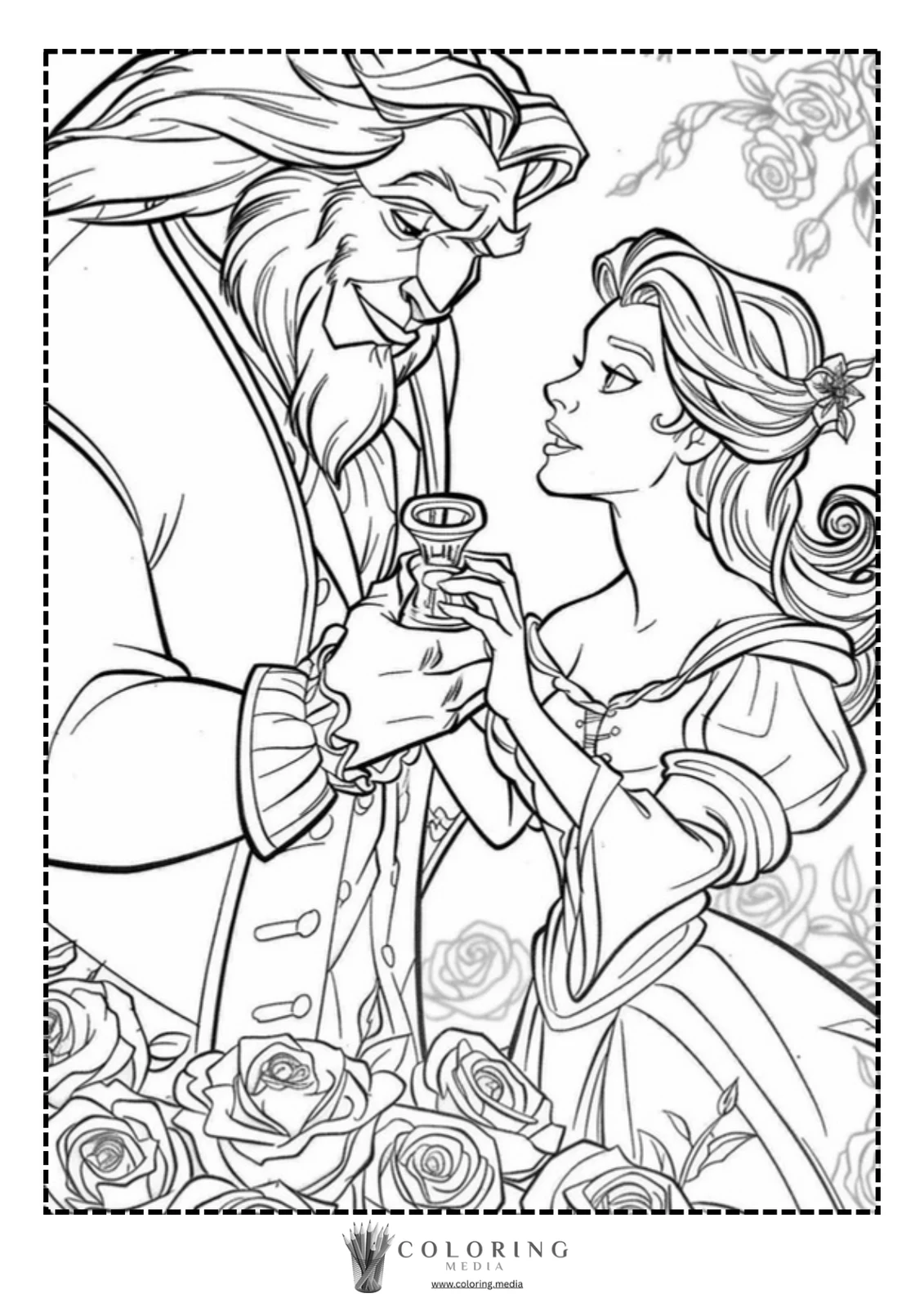 A woman gazes at a beast, holding a small glass between them.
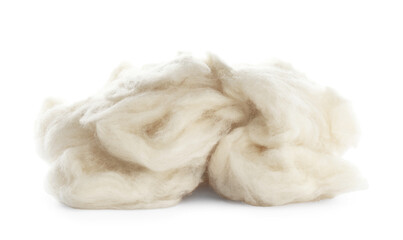 Heap of soft wool isolated on white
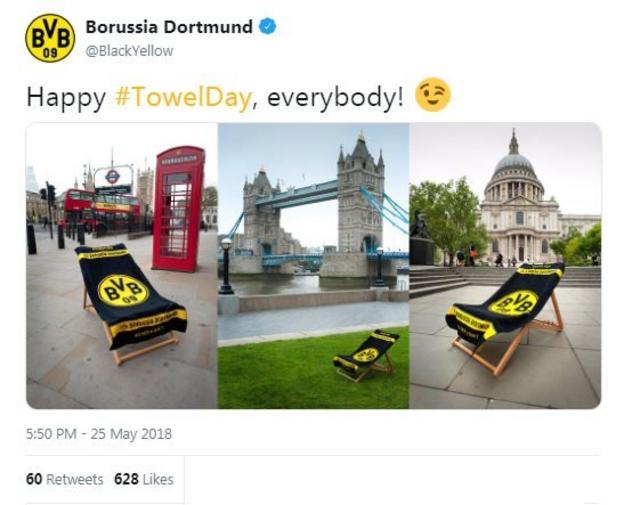 Borussia Dortmund celebrate Towel Day by posting pictures of a Dortmund towel at several iconic London landmarks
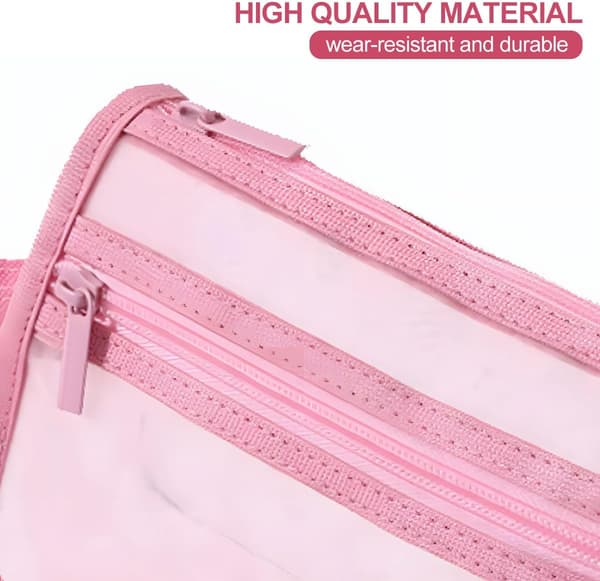Grid Pencil Case with Handle and Zipper Double Layer Transparent Pencil Pouch for Office Travel School (Pink)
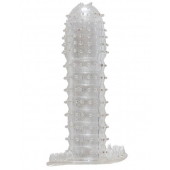 Гелевая прозрачная насадка c шипами - 12 см. - Toyfa Basic - в Махачкале купить с доставкой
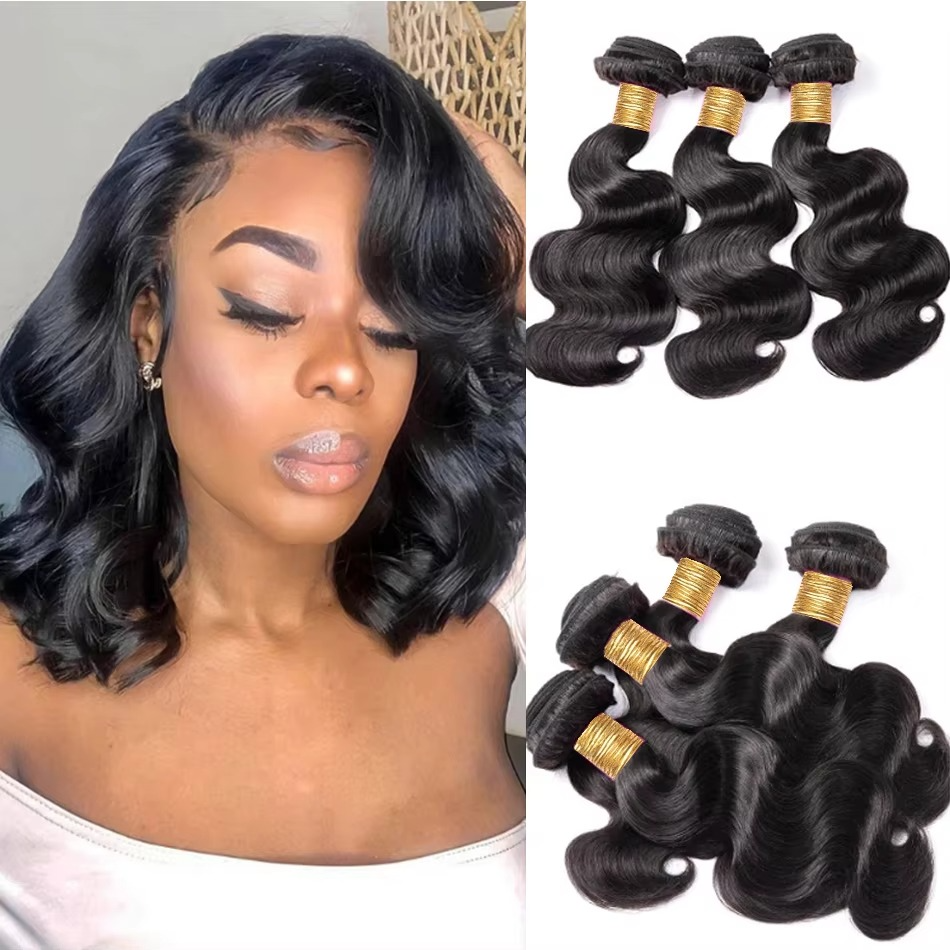 Short Peruvian Body Wave Hair Bundles 3/4 Pack Deals, 100% Unprocessed Virgin Human Hair, Loose Body Weave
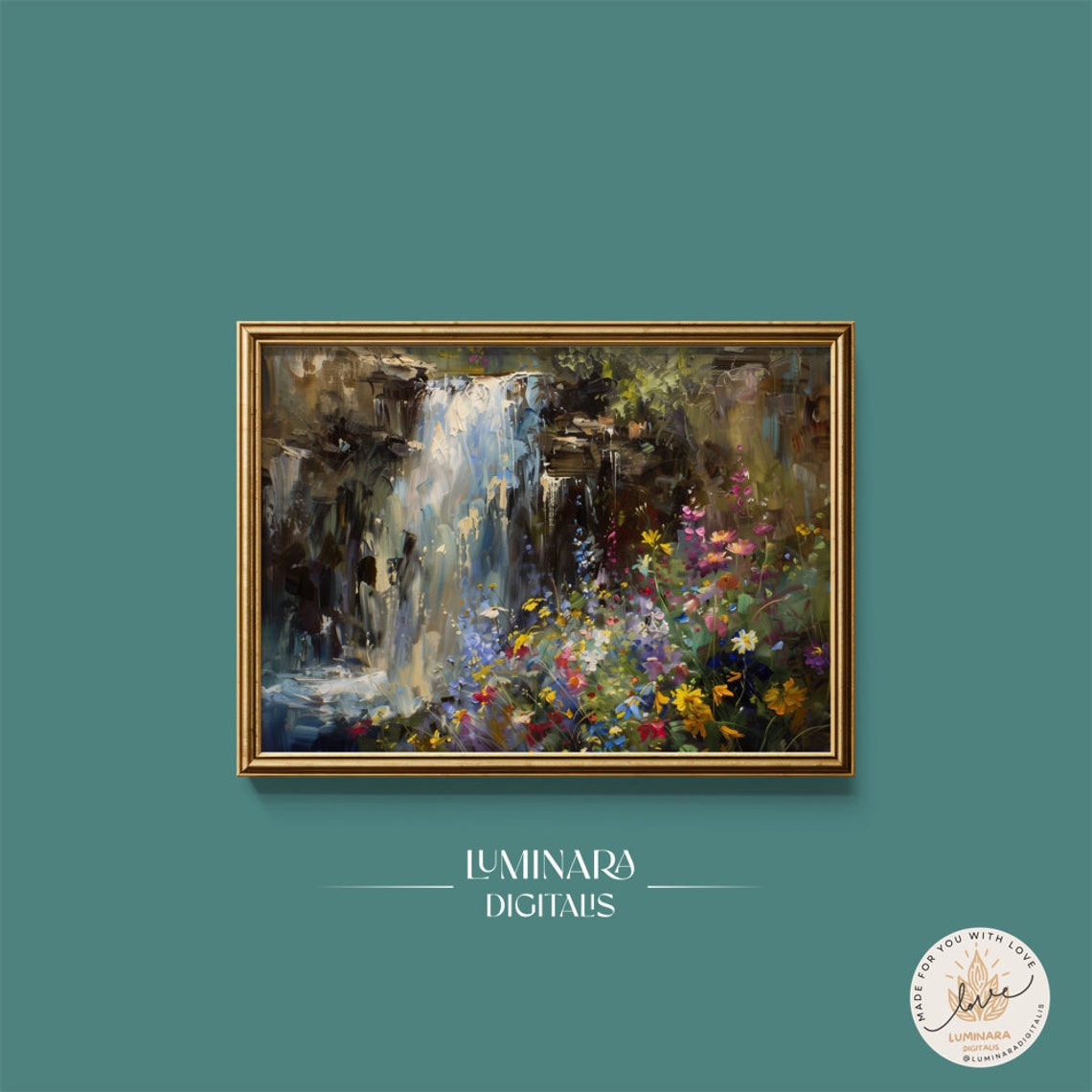 Waterfall Tumbling Over Dark Rocks Into Wildflower Meadow Poster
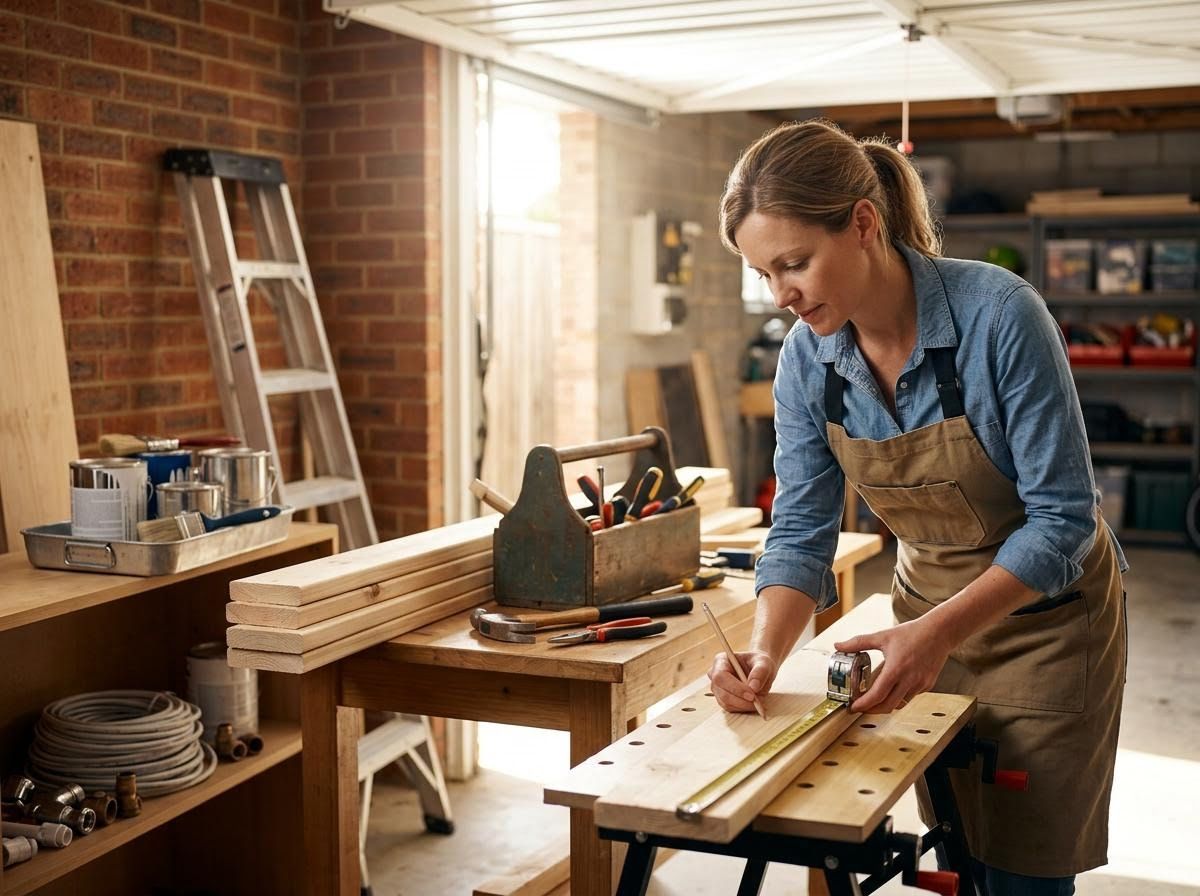 Woman measuring wood in a workshop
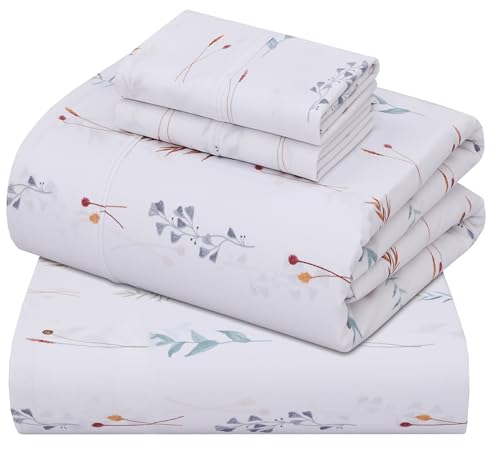 ZOYER 100% Cotton Sheets – Queen Size Percale Bedding, Cooling & Breathable, Durable with a Crisp, Soft & Comfortable Feel, 16' Deep Pocket, 4-Piece Set, Fairy Meadows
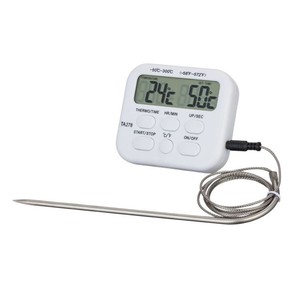 Thermomètre numérique pour viande Ta278 avec minuterie, sonde en acier inoxydable pour la cuisine et l'utilisation en laboratoire - Product Image 1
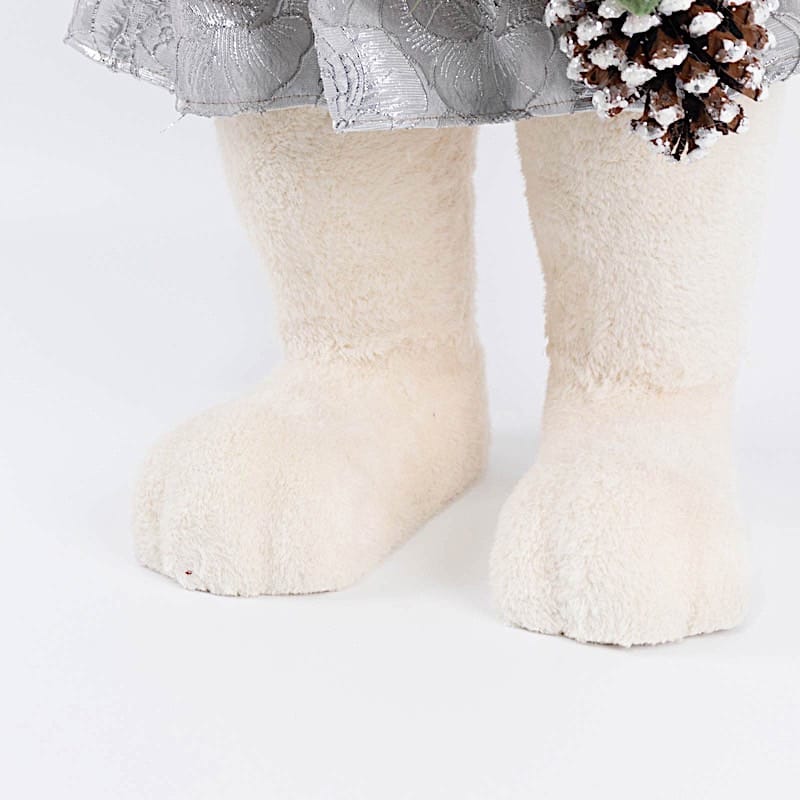 28" Girl Plush Teddy Bear Christmas Figurine with Knit Jackets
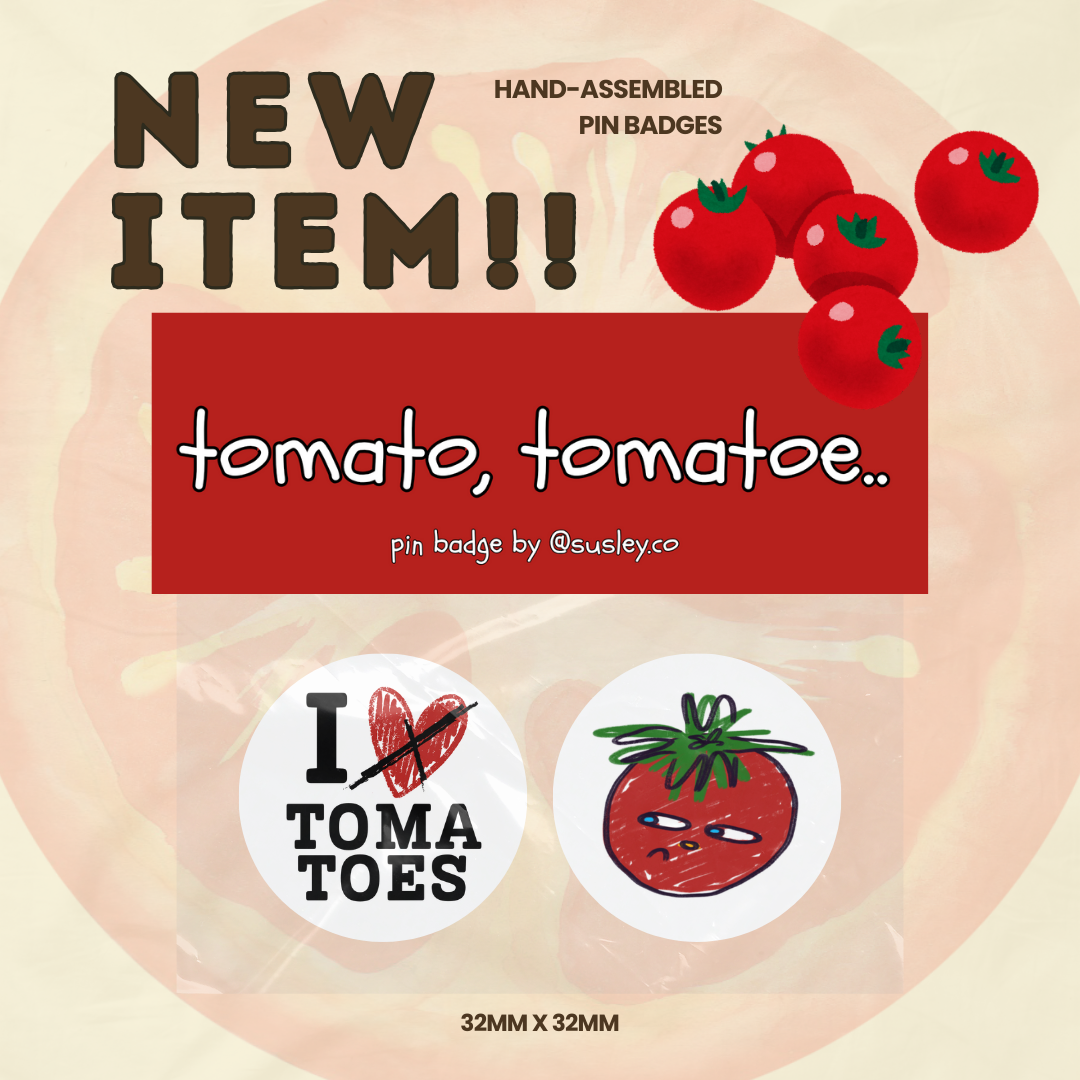 Tomato, Tomatoe Pin Badge Pack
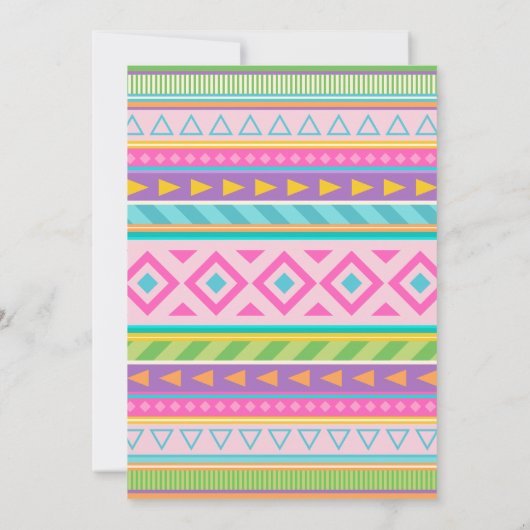 Llama Birthday Invitation, Llama Fiesta Invite Kaart (Achterkant)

•••••

- ACTIVITY
Every entry above should be duplicated exactly. Do not include the images.

- ANSWER AREA
 A woman gazes at a beast, holding a small glass between them.
 Heap of soft wool isolated on white
 Borussia Dortmund celebrate Towel Day by posting pictures of a Dortmund towel at several iconic London landmarks
Grid Pencil Case with Handle and Zipper Double Layer Transparent Pencil Pouch for Office Travel School (Pink)
 Гелевая прозрачная насадка c шипами - 12 см. - Toyfa Basic - в Махачкале купить с доставкой
 Short Peruvian Body Wave Hair Bundles 3/4 Pack Deals, 100% Unprocessed Virgin Human Hair, Loose Body Weave
 Waterfall Tumbling Over Dark Rocks Into Wildflower Meadow Poster
 Woman measuring wood in a workshop
 ZOYER 100% Cotton Sheets – Queen Size Percale Bedding, Cooling & Breathable, Durable with a Crisp, Soft & Comfortable Feel, 16' Deep Pocket, 4-Piece Set, Fairy Meadows
 Thermomètre numérique pour viande Ta278 avec minuterie, sonde en acier inoxydable pour la cuisine et l'utilisation en laboratoire - Product Image 1
 28" Girl Plush Teddy Bear Christmas Figurine with Knit Jackets
 Tomato, Tomatoe Pin Badge Pack
 Llama Birthday Invitation, Llama Fiesta Invite Kaart (Achterkant)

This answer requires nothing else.